That could help explain why the Prescott did better than the Northwood
in SSE2 vector operations, but it doesn't suggest at all why it does
WORSE on SSE2 scalar operations.

I did a quick search through the Intel optimization guide but didn't
come up with much. The only thing that struck me as possible is that
in SSE2 vector code they might be doing everything as: add -> multiply
-> add -> multiply, etc. while in SSE2 scalar they are doing: add ->
add -> multiply -> multiply. This seems like a bit of a trivial
optimization, and the author of the benchmark (Tim Wilkens) seems like
a fairly smart cookie, so I would guess that he would have thought of
this.

Everything else on Intel's optimization guides seems to point to SSE2
scalar being able to run at half the speed of SSE2 vector for this
sort of application, and at the very least it should be faster than
x87 compiled code. Several times in their guide they suggest using
SSE2 scalar code instead of x87 code as the former should be faster
unless you need specific x87 functionality (which a basic BLAS
implementation wouldn't AFAIK).

Sounds like Microsoft's OS is turning off the x87 unit, allowing only SSE
through. The Linux boys seem to not have enforced this, and so they allow
everything to go through. Not sure why Microsoft is doing this, as the
instructions to save and restore x87 through to SSE3 registers is the same
FXSAVE and FXRESTOR commands. It doesn't take any extra instructions to save
x87 status than it does to save SSE status.

I don't know quite what's going on here. I also wonder if Intel's new
x86-64 implementation will throw a monkey wrench into any of this. As
best as I can tell Intel is NOT specifying that SSE2 is the one true
floating point unit in 64-bit mode. In fact, they don't seem to make
ANY mention of this possibility at all.

Anyways, I'll be out of town for the next month.
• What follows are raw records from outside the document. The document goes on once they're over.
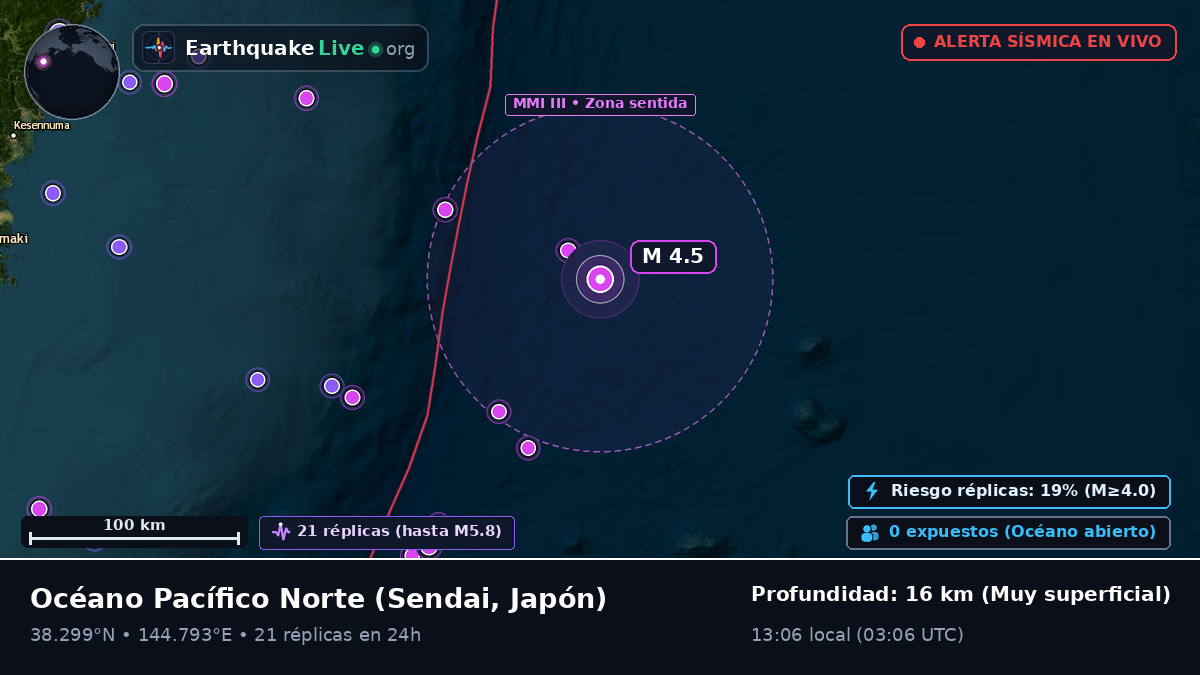 Océano Pacífico Norte (Japón)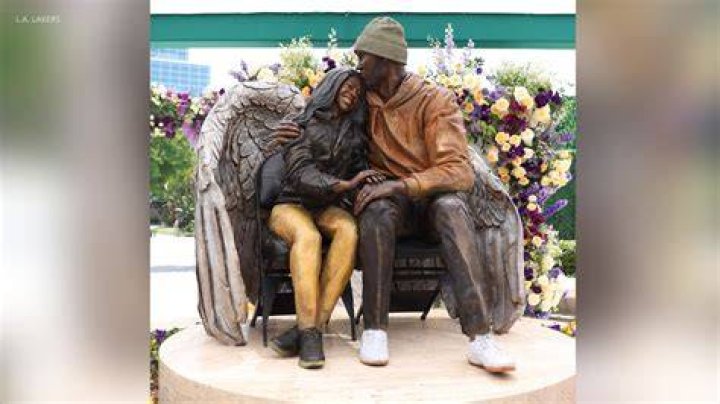 Uncovering Gianna Bryant's Height And Legacy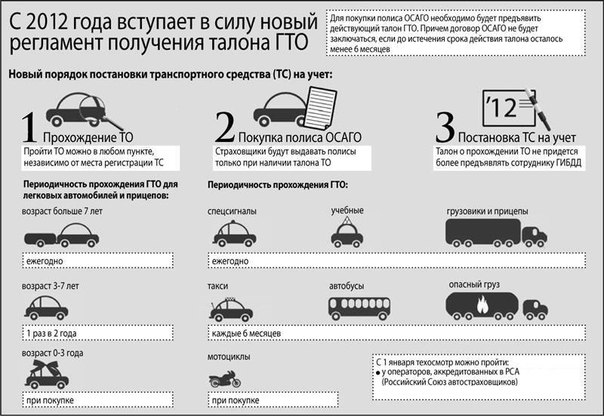 Проверить машину на наличие техосмотра: Проверка диагностической карты техосмотра (ДК TO) по базе ЕАИCTO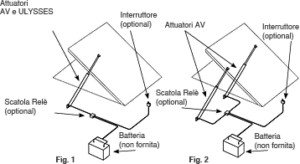 ATTUATORI ELETTRICI LINEARI PER PORTELLONI TIPO AV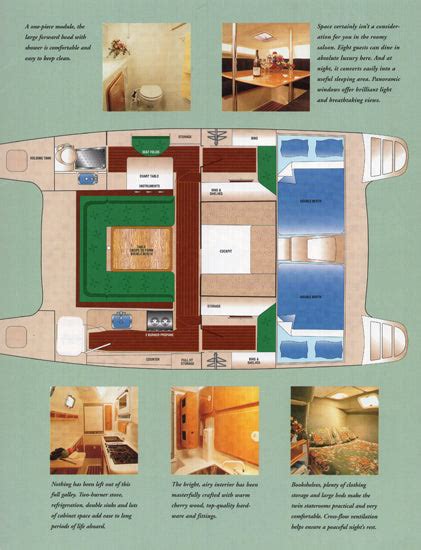 PDQ 32 的图像结果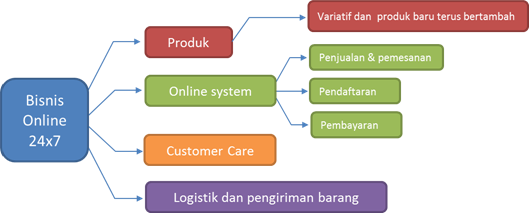 Online_sys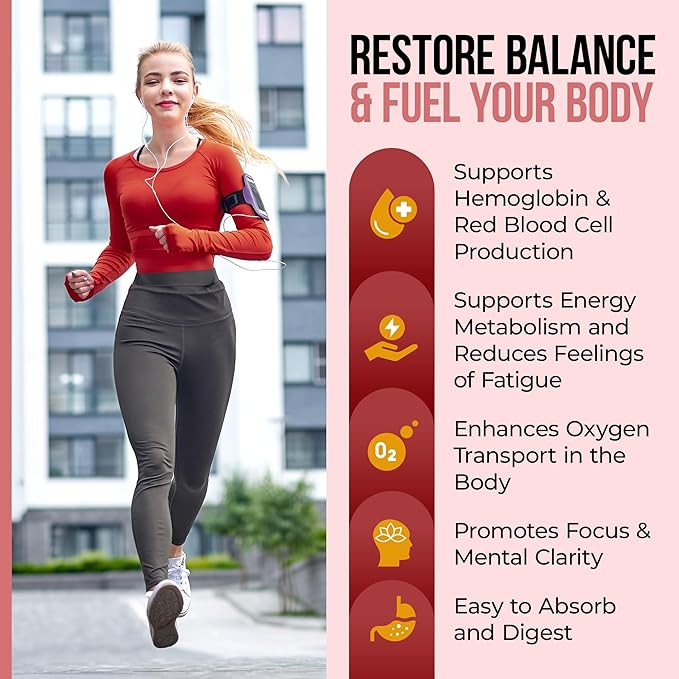 Nature's Nectar Blood Builder Iron Supplement for Men &amp Women – Slow Release Non-Constipating Iron Capsules with Vitamin B-12 Folic Acid &amp Vitamin C – Supports Red Blood Cell Production 60 Ca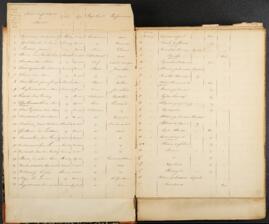 Register van de doodsoorzaken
I'll try and see what
discussions are playing here off and on again, but if I don't then I'll see
you guys after next month.

Have a good trip!

 

[Black Jack]

That could help explain why the Prescott did better than the Northwood
in SSE2 vector operations, but it doesn't suggest at all why it does
WORSE on SSE2 scalar operations.

I did a quick search through the Intel optimization guide but didn't
come up with much. The only thing that struck me as possible is that
in SSE2 vector code they might be doing everything as: add -> multiply
-> add -> multiply, etc. while in SSE2 scalar they are doing: add ->
add -> multiply -> multiply. This seems like a bit of a trivial
optimization, and the author of the benchmark (Tim Wilkens) seems like
a fairly smart cookie, so I would guess that he would have thought of
this.

If vector operations are just multiple back-to-back scalar operations
(or rather if you prefer, if scalar operations are just
one-dimensional vector operations) then a lot of micro-op instructions
can remain in flight when doing vector rather than scalar. So it does
you good to have a lot of instructions in flight on a P4 of any kind,
but even more so with Prescott with its bigger pipeline.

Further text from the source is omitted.